Credential Theft And Data Exfiltration Techniques
Credential theft is central to the campaign. Attackers use memory scraping, keylogging, and direct access to security database files or credential stores to collect administrator passwords, API tokens, and service account secrets. The exfiltrated virtual machine snapshots further expand the credential surface, enabling offline extraction of cached credentials and cryptographic material from multiple guest systems.
Data exfiltration leverages the same DNS‑over‑HTTPS channel and, where necessary, additional covert channels built on standard web protocols. Because virtual machine snapshots can be large, the actor segments and compresses data, exfiltrating it gradually to avoid triggering anomaly‑based thresholds for outbound transfer volume or frequency.

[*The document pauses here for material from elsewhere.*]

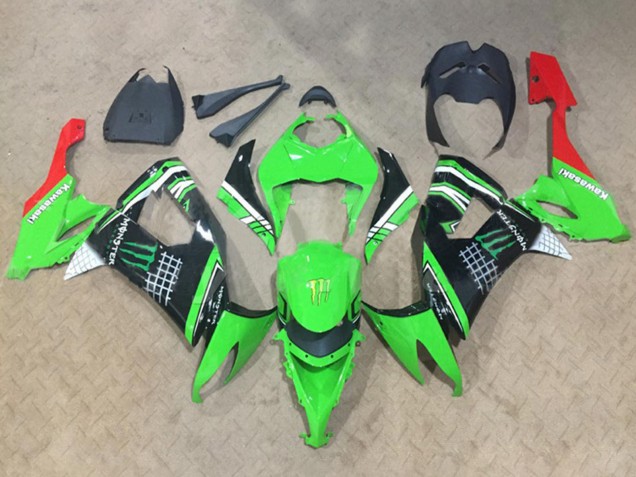 2008-2010 Kawasaki ZX10R Motorcycle Fairings - Green White Black Red Monster Canada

Operational Impact On Government And Critical Infrastructure
For government networks and critical infrastructure operators, control of virtualization layers provides the attacker with a strategic vantage point. The actor can observe or manipulate workloads that support core business processes, OT monitoring, or public services, while maintaining options for later disruptive or destructive actions.
The ability to steal snapshots and create rogue VMs increases the risk of both espionage and pre‑positioning for future operations. Even if no immediate disruption is observed, long‑term clandestine access to virtualized infrastructure undermines the integrity of incident response, as defenders may be unaware of hidden footholds or the full scope of compromised workloads.
Detection And Mitigation Considerations
Defenders are advised to focus on telemetry from VMware management components, Windows event logs, and DNS‑over‑HTTPS usage across their environments. Unexplained creation of virtual machines, unusual snapshot activity, or persistent administrative sessions from atypical hosts should be treated as potential indicators of compromise.
Mitigation steps include strict network segmentation between DMZ, management, and production segments; blocking or tightly controlling DNS‑over‑HTTPS traffic; enforcing strong authentication and least privilege on virtualization management systems; and continuously monitoring for anomalous changes in virtual infrastructure inventories and configurations.